* YOUR INSTRUCTIONS:
Report every line of the material that contains the string "level".

* SOURCE INFORMATION:
====================
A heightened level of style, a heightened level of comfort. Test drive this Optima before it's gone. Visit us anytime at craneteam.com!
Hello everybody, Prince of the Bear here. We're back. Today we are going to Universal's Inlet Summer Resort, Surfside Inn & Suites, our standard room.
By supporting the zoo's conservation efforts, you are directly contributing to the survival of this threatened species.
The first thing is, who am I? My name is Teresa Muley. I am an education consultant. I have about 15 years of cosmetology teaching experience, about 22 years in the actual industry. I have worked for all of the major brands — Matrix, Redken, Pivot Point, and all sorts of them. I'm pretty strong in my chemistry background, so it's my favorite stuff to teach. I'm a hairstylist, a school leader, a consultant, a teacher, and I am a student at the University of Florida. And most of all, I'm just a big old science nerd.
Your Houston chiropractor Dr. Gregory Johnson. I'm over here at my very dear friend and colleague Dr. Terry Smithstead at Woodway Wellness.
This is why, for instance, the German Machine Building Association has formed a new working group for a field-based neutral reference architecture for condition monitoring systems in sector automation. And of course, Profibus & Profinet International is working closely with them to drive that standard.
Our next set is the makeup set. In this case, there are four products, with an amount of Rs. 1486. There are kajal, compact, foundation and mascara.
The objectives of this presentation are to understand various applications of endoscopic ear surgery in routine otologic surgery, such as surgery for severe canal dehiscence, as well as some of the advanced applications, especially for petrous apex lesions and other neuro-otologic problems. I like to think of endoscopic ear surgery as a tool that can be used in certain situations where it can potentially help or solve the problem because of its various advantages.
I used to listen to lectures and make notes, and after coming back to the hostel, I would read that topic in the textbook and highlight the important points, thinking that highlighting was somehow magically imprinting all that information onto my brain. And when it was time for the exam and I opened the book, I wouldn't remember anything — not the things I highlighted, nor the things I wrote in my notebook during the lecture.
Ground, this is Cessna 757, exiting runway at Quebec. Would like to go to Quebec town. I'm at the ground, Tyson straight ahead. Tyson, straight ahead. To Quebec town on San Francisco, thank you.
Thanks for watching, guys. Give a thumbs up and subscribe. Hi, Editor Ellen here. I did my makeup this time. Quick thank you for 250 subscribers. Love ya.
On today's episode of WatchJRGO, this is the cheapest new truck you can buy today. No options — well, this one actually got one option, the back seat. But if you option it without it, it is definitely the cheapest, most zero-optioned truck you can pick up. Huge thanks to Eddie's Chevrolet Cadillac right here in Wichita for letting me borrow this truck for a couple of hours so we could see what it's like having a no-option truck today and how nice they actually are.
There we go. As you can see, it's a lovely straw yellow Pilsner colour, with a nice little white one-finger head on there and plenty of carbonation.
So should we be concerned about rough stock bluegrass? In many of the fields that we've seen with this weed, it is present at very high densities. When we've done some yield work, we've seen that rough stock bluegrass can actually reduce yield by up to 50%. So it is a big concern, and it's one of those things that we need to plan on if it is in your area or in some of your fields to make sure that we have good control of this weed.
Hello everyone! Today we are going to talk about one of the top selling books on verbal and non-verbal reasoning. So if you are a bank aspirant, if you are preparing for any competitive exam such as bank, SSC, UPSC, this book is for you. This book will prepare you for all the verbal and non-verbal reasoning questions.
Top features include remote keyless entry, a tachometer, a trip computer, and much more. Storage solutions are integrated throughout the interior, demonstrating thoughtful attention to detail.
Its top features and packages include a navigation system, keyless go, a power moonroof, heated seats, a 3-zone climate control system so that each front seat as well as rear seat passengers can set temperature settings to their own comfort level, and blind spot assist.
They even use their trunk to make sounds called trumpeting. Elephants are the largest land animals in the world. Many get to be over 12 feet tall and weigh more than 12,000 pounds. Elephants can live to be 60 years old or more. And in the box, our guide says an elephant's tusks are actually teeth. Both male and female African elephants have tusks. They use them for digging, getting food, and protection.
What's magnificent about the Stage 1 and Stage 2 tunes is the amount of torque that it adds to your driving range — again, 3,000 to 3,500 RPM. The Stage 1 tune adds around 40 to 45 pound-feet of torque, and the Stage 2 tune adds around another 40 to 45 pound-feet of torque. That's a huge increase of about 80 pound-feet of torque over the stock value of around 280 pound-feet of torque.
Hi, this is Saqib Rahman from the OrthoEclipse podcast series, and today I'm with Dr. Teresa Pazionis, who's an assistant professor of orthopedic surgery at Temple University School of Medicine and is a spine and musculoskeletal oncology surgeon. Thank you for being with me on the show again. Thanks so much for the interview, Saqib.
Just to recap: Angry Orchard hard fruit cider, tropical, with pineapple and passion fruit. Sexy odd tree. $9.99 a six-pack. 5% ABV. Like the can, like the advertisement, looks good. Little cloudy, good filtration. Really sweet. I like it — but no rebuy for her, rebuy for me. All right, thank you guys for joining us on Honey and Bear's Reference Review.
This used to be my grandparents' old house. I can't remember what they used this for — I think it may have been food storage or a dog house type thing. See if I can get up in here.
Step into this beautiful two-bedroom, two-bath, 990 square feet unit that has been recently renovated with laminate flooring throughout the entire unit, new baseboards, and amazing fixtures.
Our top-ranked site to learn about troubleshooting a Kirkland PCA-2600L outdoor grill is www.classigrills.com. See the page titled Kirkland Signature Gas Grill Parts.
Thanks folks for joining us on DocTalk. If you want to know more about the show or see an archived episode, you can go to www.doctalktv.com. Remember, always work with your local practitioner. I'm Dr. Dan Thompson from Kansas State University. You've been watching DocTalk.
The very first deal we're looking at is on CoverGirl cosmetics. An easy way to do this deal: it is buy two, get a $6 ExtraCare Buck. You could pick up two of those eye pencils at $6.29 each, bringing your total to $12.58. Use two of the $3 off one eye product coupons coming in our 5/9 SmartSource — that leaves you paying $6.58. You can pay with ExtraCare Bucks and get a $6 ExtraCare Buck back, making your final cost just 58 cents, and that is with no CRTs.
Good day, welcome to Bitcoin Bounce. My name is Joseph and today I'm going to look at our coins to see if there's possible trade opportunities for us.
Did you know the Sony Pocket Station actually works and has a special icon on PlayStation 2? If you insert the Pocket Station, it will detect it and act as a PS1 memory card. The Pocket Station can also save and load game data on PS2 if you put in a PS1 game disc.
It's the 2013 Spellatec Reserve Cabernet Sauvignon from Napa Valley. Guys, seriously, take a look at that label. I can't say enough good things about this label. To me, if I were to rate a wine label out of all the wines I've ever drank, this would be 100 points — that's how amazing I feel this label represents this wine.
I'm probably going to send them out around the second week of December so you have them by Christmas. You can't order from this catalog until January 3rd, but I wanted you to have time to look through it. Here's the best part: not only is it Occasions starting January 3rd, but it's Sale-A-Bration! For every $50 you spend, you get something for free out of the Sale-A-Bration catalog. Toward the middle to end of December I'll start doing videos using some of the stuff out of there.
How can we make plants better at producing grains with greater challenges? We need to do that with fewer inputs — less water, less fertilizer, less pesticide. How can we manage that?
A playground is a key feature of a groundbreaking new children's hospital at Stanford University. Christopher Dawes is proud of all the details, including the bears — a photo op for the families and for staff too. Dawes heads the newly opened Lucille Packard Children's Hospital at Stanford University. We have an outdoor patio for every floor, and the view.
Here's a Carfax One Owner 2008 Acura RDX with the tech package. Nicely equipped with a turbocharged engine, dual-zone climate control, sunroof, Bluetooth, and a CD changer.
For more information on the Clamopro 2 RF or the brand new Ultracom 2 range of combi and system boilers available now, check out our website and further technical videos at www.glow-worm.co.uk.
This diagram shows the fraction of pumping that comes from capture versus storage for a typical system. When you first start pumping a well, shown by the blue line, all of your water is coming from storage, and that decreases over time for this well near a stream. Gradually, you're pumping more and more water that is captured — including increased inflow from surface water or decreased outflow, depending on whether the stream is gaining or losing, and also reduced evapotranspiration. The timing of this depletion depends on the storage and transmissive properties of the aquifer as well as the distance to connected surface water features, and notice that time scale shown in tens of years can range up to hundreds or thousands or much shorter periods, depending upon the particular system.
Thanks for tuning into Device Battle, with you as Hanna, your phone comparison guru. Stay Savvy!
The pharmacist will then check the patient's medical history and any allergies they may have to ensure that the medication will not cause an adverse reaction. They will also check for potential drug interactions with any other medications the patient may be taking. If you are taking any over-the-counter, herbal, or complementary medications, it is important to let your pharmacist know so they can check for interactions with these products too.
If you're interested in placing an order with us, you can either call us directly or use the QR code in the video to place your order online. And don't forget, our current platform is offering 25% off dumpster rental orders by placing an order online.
====================
* ANSWER AREA:
A heightened level of style, a heightened level of comfort. Test drive this Optima before it's gone. Visit us anytime at craneteam.com!
Its top features and packages include a navigation system, keyless go, a power moonroof, heated seats, a 3-zone climate control system so that each front seat as well as rear seat passengers can set temperature settings to their own comfort level, and blind spot assist.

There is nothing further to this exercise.